È tutto normale, è solo metodismo. Ma lasciamelo rifare almeno dieci volte prima di andare avanti.
Chissà in quanti hanno un rituale per la propria attività creativa.
Chissà in quanti hanno ossessioni quotidiane senza rendersene conto.
In realtà è proprio dietro queste incognite, non evidenziate da un’esigenza clinica, che si cela il disturbo ossessivo compulsivo.
Con tale definizione —perlopiù vittima del continuo uso quotidiano— ci si riferisce ad un disturbo psichiatrico, dello spettro ansiogeno, le cui manifestazioni possono essere estremamente variegate, talmente individuali da potersi confondere con tratti della personalità, così “normali” da non prestarci attenzione, anche se talvolta queste ritualità possono alterare, e non poco, la mente.
Non è detto, comunque, che tali alterazioni debbano esitare in qualcosa di negativo: basta pensare a Michelangelo, la cui attenzione era sempre rivolta al suo lavoro artistico, tanto da portare diversi storici a sostenere con sicurezza che soffrisse di un disturbo ossessivo compulsivo. Non era un individuo socievole e, a causa del suo temperamento, spesso finiva per dar di matto durante normali conversazioni con familiari o estranei. Evitava la gente nella maggior parte dei casi e spesso abbandonava conversazioni in atto senza apparenti motivi. Quando un’opinione sembrava offenderlo, semplicemente si allontanava, ma ciò che lo rende più conforme al quadro del disturbo ossessivo compulsivo sono particolari come la sua smania di dormire sempre con i vestiti indossati durante la giornata, persino con gli stivali, oppure i suoi improvvisi isolamenti nel lavoro artistico ignorando qualsiasi tipo di stimolo esterno e non comunicando alcun tipo di emozione. Tuttavia, dire che questo suo comportamento possa aver pregiudicato la sua mente, è sicuramente un oltraggio alla grandissima produzione di tale artista.
Il caso di Michelangelo non resta l’unico tra le menti creative più note, basta pensare anche a Martin Scorsese, che —a detta dello stesso regista— propone il suo disturbo nella lettura psicologica di diversi suoi personaggi, ma anche Stanley Kubrick, il quale non poteva assolutamente rinunciare a quotidiane partite a scacchi, portate avanti con attenzione ossessiva.
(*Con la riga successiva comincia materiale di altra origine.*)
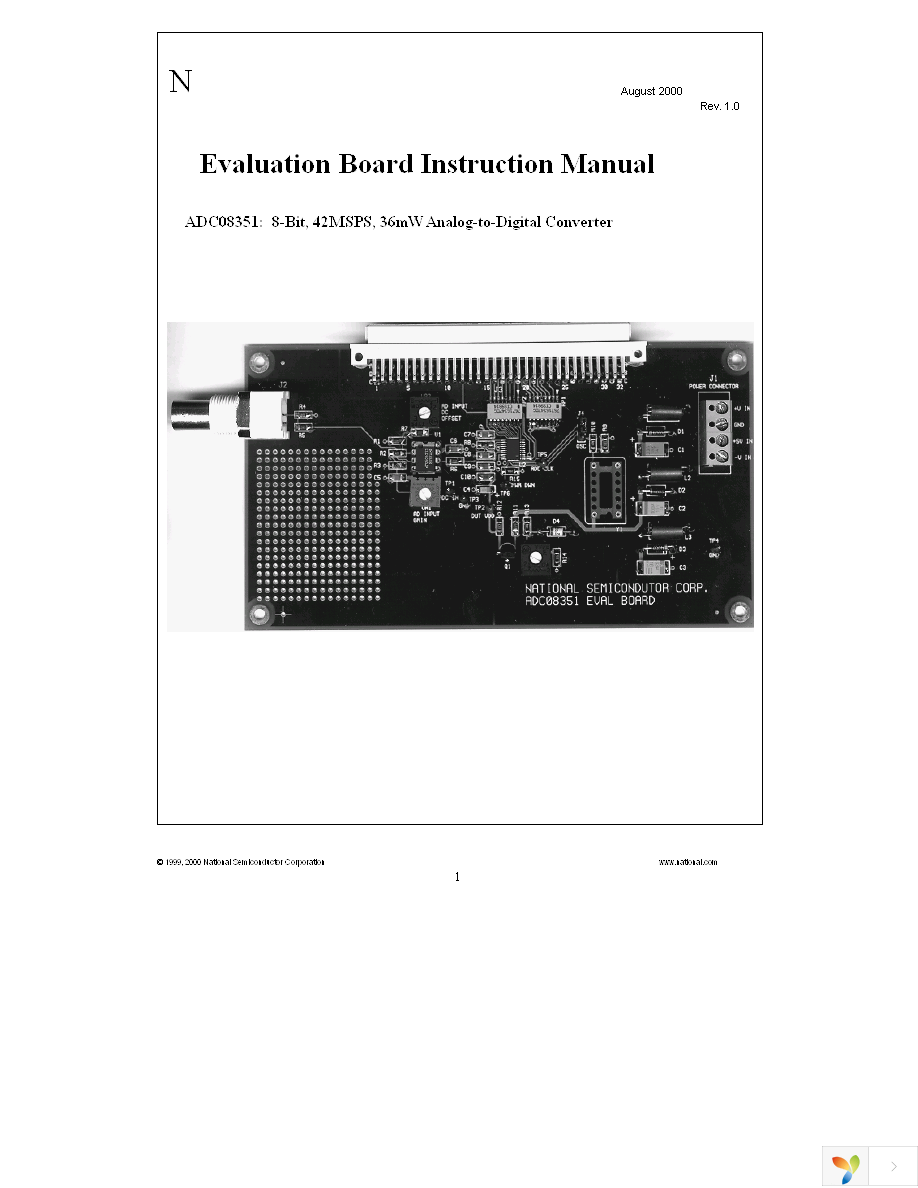 ADC08351EVAL Page 1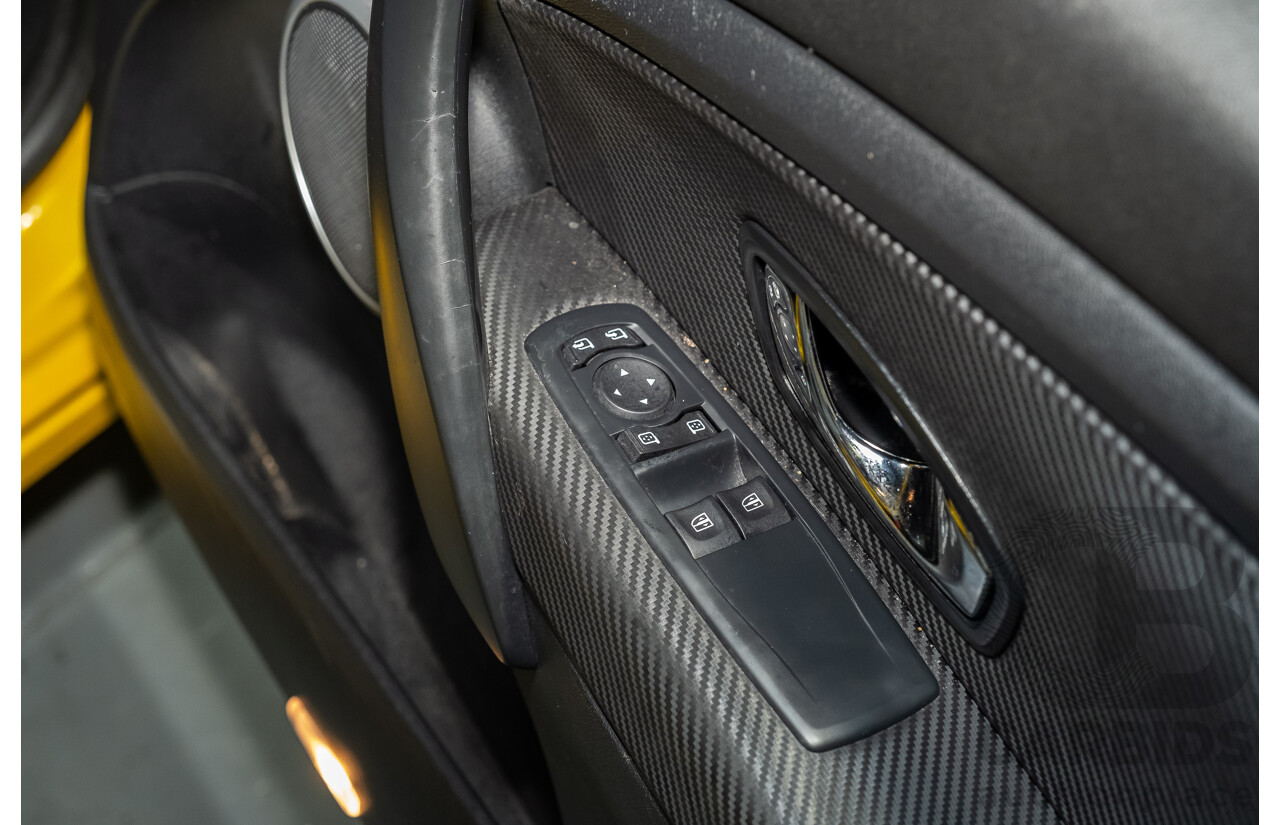 2/2016 Renault Megane RS 275 CUP Premium X95 MY15 3d Hatchback Liquid Yellow Metallic 2.0L Turbo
Anche nel campo della fisica, grandi geni sono stati portatori di un OCD (questa è in realtà la dicitura anglosassone di Obsessive-Compulsive Disorder), come Albert Einstein, ossessionato dal ricordare giorni, mesi ed anni di eventi più o meno significativi, o Nikola Tesla, che, oltre ad essere germofobo, odiava toccare oggetti rotondi, odiava capelli diversi dai suoi, trovava i gioielli repellenti ed era solito coinvolgere in qualsiasi attività il numero tre: ad esempio in ogni pasto doveva avere pezzi che fossero divisi in tre o multipli di tre.
Se c’è un tratto comune tra questi personaggi che denota il disturbo ossessivo compulsivo, è la continua ricerca della perfezione.
Perfezione che sia tra le linee perfette di una scultura, o che si incontri nella fotografia di un film accattivante, o ancor più, perfezione che si incontra nell’astrazione di numeri perfettamente combinati a descrivere la realtà.
Pertanto, che sia un semplice rituale la chiave per seguire il modus operandi di tali menti, non è detto, ma ciò che sicuramente si può dire è che ancora una volta la spasmodica ricerca di qualcosa che, a detta di molti, non compete all’animo umano, può portare ad una pazzia, più o meno cosciente, più o meno disabilitante.
Basta ripeterselo almeno dieci volte.